*PROBLEM DESCRIPTION*: Every line in the data below has to be repeated exactly; no picture belongs in the result.

Annotated photo localization data:
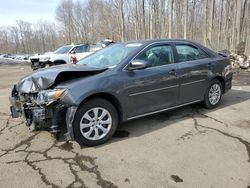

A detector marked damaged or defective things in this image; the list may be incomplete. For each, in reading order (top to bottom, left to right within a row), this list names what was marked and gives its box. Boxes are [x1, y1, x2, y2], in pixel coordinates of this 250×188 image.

broken headlight [36, 89, 66, 105]
deployed front end damage [9, 65, 105, 140]
crumpled front hood [16, 64, 106, 93]
damaged gray sedan [9, 39, 232, 145]
cracked asphalt ground [0, 64, 250, 188]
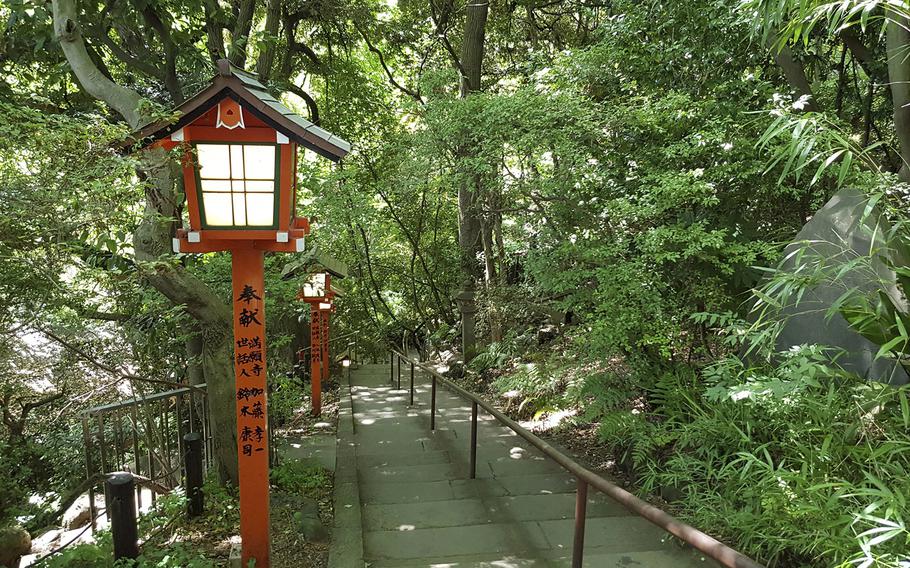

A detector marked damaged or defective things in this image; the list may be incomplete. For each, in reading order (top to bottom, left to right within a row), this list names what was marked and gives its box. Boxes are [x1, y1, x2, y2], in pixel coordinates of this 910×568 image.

rusted handrail post [572, 480, 588, 568]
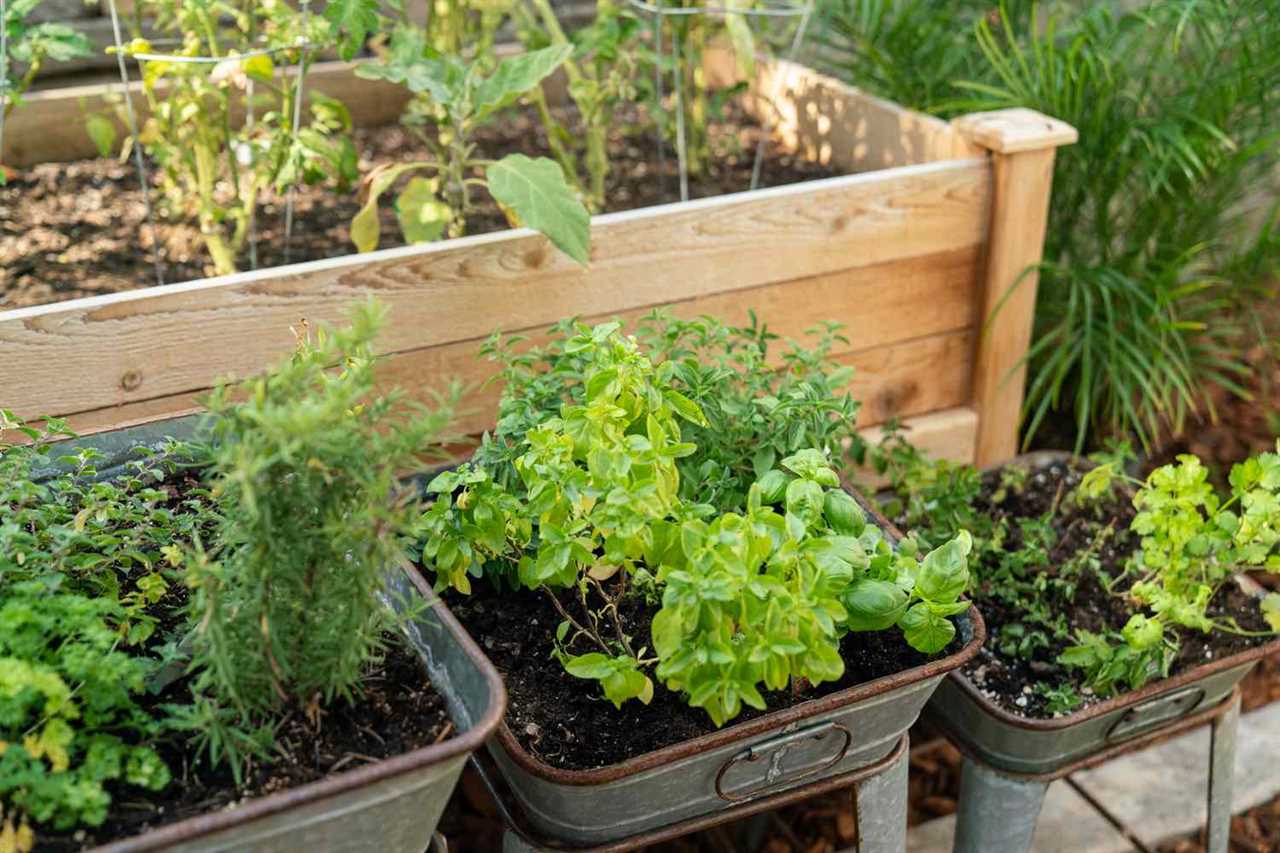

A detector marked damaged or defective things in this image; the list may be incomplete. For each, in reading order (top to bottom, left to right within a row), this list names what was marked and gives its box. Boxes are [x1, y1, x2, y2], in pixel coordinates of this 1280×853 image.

rusty metal rim [91, 563, 504, 850]
rusty metal rim [473, 727, 911, 845]
rusty metal rim [483, 481, 983, 778]
rusty metal rim [942, 686, 1239, 778]
rusty metal rim [942, 448, 1280, 732]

*TASK OUTPUT*:
A detector marked damaged or defective things in this image; the list may be incomplete. For each, in reading order (top to bottom, left to right within a row), this list names what was marked and gives its box. Boxes are [x1, y1, x2, y2], in pixel coordinates of this 250×188 image.

broken headlight [36, 89, 66, 105]
deployed front end damage [9, 65, 105, 140]
crumpled front hood [16, 64, 106, 93]
damaged gray sedan [9, 39, 232, 145]
cracked asphalt ground [0, 64, 250, 188]

A detector marked damaged or defective things in this image; the list may be incomplete. For each, in reading order (top to bottom, left to right within a row), this list names what was marked and gives its box. Boxes are [x1, y1, x2, y2], in pixel coordinates of this 910×568 image.

rusted handrail post [572, 480, 588, 568]

A detector marked damaged or defective things in this image; the list may be incomplete. For each, in reading order (top to bottom, left to right within a row), this list names what was marked and gives its box. Boxes are [x1, y1, x2, y2], in pixel coordinates of this 1280×853 image.

rusty metal rim [91, 563, 504, 850]
rusty metal rim [473, 727, 911, 845]
rusty metal rim [483, 481, 983, 778]
rusty metal rim [942, 686, 1239, 778]
rusty metal rim [942, 448, 1280, 732]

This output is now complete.